A baseball is hit so that it travels straight upward after being struck by the bat. A fan observes that it takes 3.20 s for the ball to reach its maximum height.
To find out how high the baseball travels, we first need to determine its initial velocity when it was hit by the bat. To do this, we can use the fact that the time taken for the ball to reach its maximum height is equal to half of the total time it takes to reach the ground (since the upward and downward flights take the same amount of time).
Let's call the total time taken for the ball to reach its maximum height and return to the ground as T.

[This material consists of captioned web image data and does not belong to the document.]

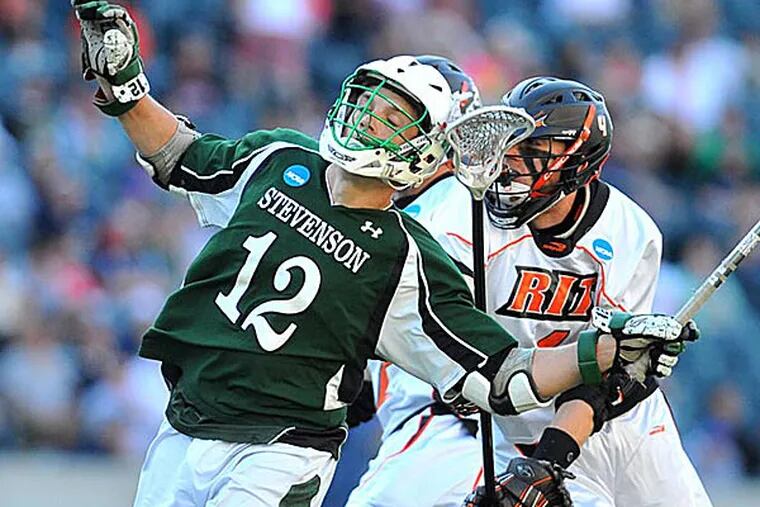 Stevenson College midfielder Peter Green gets checked by Rochester Institute of Technology's defenseman Evan Burley in the NCAA Div. III championship game. (Clem Murray/Staff Photographer)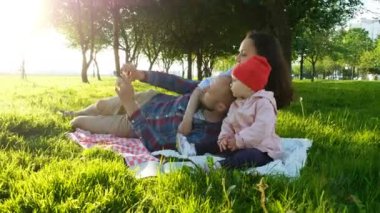Mutlu aile çarptırılmış döşeme ve selfie bir bebekle günbatımında parkta yapıyor. Babası kendilerini resimleri ile bebek alır.
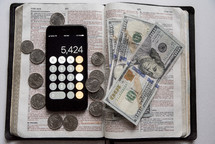 money, calculator app, on the page of a Bible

We know that the time taken to reach the maximum height is 3.20 s, so we can write:
T = 2 × 3.20 s
T = 6.40 s
Now, we can calculate the time taken for the ball to travel upwards to its maximum height. Since it takes half of the total time, we have:
t_up = 6.40 s / 2
t_up = 3.20 s
Next, we need to calculate the initial velocity of the ball. To do this, we can use the equation of motion:
h = v_i * t + (1/2) * a * t^2
Since the ball is at its maximum height, the final height (h) is zero. Also, the acceleration (a) due to gravity is -9.8 m/s^2 (assuming no air resistance).
0 = v_i * t_up + (1/2) * (-9.8 m/s^2) * (t_up)^2
Simplifying the equation gives us:
0 = v_i * 3.20 s - 4.9 m/s^2 * (3.20 s)^2
0 = v_i * 3.20 s - 4.9 m/s^2 * 10.24 s^2
0 = v_i * 3.20 - 50.176 m
Now, let's solve for the initial velocity (v_i):
v_i = 50.176 m / 3.20 s
v_i ≈ 15.67 m/s
Therefore, the initial velocity of the baseball when it was hit by the bat is approximately 15.67 m/s.